Work to complete
Filter the entries below, keeping only lines with "room".

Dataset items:
<<<<
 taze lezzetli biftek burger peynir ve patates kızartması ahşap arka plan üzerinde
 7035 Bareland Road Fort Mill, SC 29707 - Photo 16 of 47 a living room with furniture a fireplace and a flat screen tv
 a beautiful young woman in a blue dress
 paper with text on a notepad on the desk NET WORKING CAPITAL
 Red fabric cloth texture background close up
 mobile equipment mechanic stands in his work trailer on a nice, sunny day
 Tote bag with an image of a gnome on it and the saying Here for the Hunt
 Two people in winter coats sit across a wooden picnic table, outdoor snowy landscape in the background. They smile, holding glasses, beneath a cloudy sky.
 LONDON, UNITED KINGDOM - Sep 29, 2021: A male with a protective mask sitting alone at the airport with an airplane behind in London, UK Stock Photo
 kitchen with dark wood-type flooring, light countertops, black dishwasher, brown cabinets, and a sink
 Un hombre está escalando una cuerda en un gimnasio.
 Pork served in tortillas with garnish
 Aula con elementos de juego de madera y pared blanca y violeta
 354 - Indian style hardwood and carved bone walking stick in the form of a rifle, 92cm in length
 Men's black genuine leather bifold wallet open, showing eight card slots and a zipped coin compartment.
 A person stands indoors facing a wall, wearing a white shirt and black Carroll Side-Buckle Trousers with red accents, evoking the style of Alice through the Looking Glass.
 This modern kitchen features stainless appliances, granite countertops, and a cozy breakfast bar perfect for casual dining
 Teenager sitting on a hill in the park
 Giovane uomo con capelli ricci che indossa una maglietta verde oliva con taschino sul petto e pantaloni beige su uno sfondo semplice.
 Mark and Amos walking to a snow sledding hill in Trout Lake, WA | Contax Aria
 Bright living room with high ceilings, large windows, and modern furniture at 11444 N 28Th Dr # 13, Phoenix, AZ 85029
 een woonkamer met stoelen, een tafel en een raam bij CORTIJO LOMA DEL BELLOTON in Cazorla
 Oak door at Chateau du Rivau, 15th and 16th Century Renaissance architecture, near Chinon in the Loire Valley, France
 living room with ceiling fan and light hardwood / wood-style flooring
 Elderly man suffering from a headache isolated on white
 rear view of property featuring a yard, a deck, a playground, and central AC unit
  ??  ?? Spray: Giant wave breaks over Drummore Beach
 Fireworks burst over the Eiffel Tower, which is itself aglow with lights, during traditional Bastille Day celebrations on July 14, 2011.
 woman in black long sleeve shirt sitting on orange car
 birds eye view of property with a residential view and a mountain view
>>>>
Result of the exercise
 7035 Bareland Road Fort Mill, SC 29707 - Photo 16 of 47 a living room with furniture a fireplace and a flat screen tv
 Bright living room with high ceilings, large windows, and modern furniture at 11444 N 28Th Dr # 13, Phoenix, AZ 85029
 living room with ceiling fan and light hardwood / wood-style flooring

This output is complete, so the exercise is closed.